I am to the point of asking them to show me scientific proof that what I am doing is, as they say, harmful. If I open this door, what will they find? Does research exist that says children who nurse past one year have ANY problems that can be directly related to nursing?

I guess it 'tis the season to be harassed by loving family!
post #2 of 19
Wow, I guess that your relatives would think that I'm really over the top. I'm nursing my infant and my 39 month old!

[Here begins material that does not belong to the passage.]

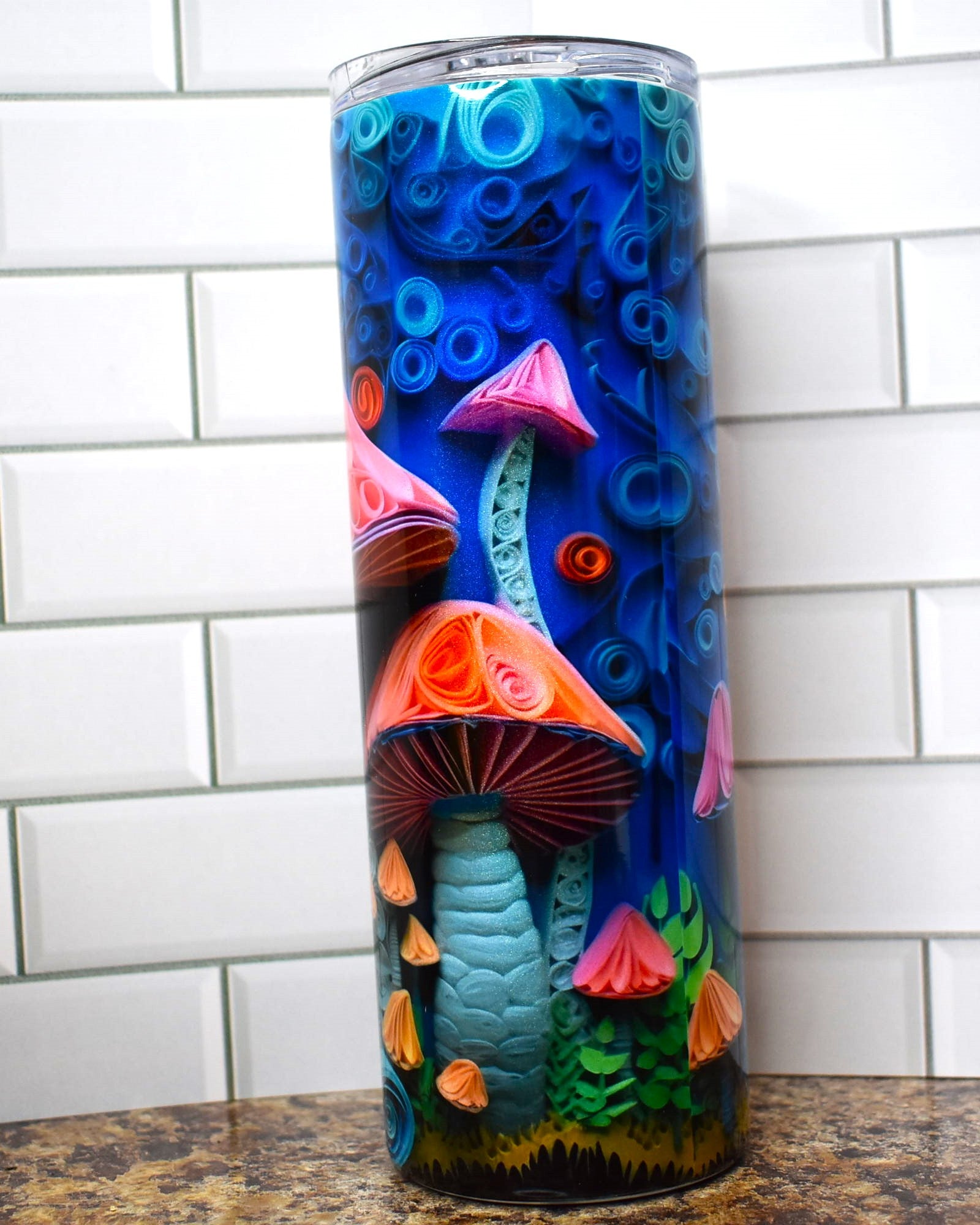 This tumbler is for the Fungi. All sorts of mushrooms in 3D adorn this tumbler on a blue background.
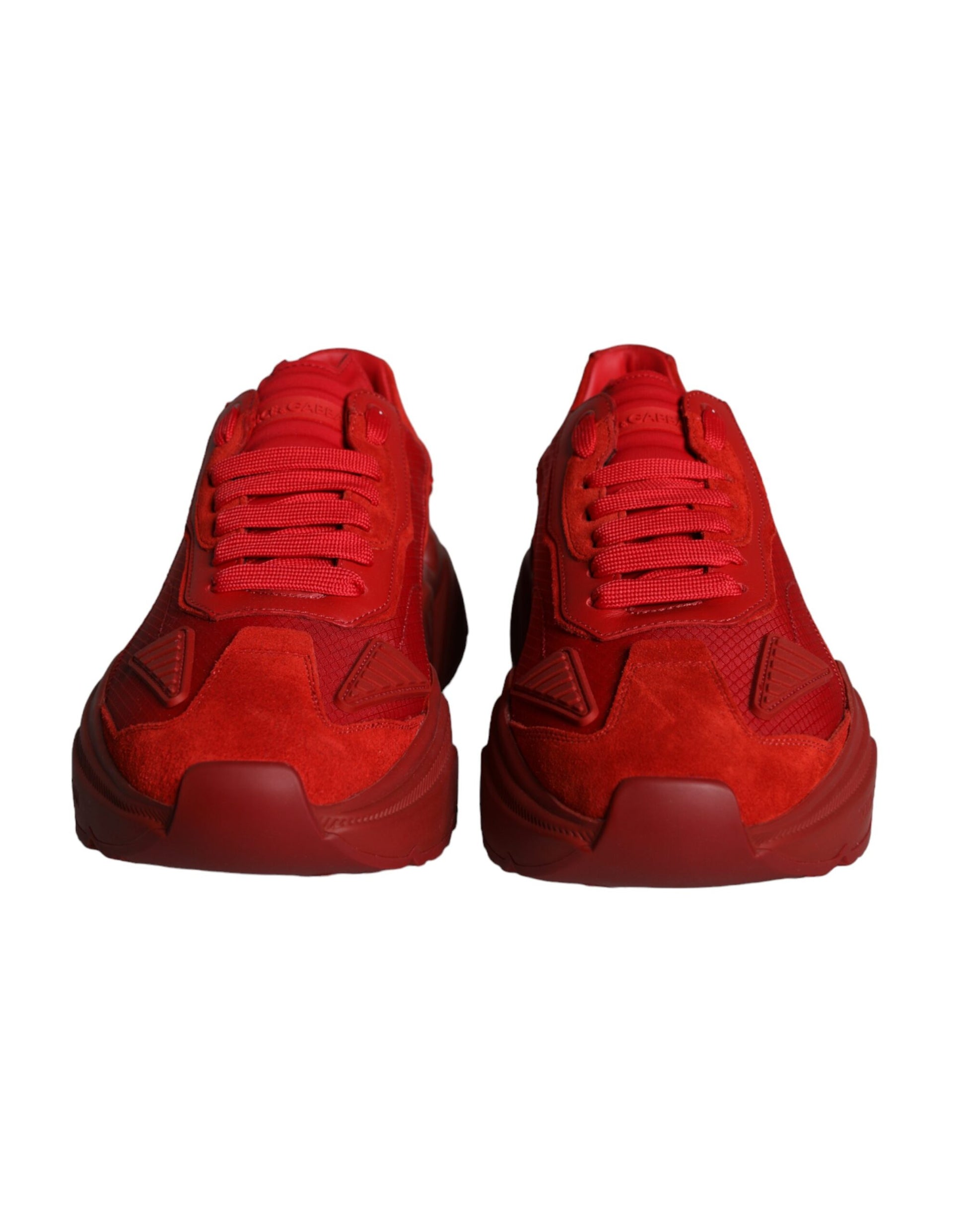 Pair of red leather sneakers with laces and a low top, featuring the Dolce & Gabbana logo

It's not their business at all and they are risking their relationship with you by continuing to push the issue. You don't owe them ANY explanations! But you could say that the WHO recommends a minimum of 2 years of breastfeeding.
post #3 of 19
I have looked before for this exact same thing for the purpose of settling an argument and can expressly say that there is zero evidence out there that there is any harm physically or psychologically for breastfeeding past infancy. There is on the other hand a wealth of evidence stating that it is beneficial. You don't have to justify your parenting in the slightest, you're doing the right thing for your baby, 100%!
post #4 of 19
Instead of having yet another discussion with your loving family it might be healthier to really end this discussion Ă  la "been there - done with it".
Maybe you want to offer some written information (WHO - as you already did) and then move on.
Or maybe pass them the phone and offer to call CPS for them?
post #5 of 19
From the AAP policy available here: http://aappolicy.aappublications.org...;115/2/496.pdf

"There is no upper limit to the duration of
breastfeeding and no evidence of psychologic
or developmental harm from breastfeeding
into the third year of life or longer."

But I agree with other posters--you may need to tell them that you will not have this discussion with them any longer and any time they pursue it you will disengage (change the subject, leave, hang up, etc.). This is your child and your bf relationship. They are not partners in this.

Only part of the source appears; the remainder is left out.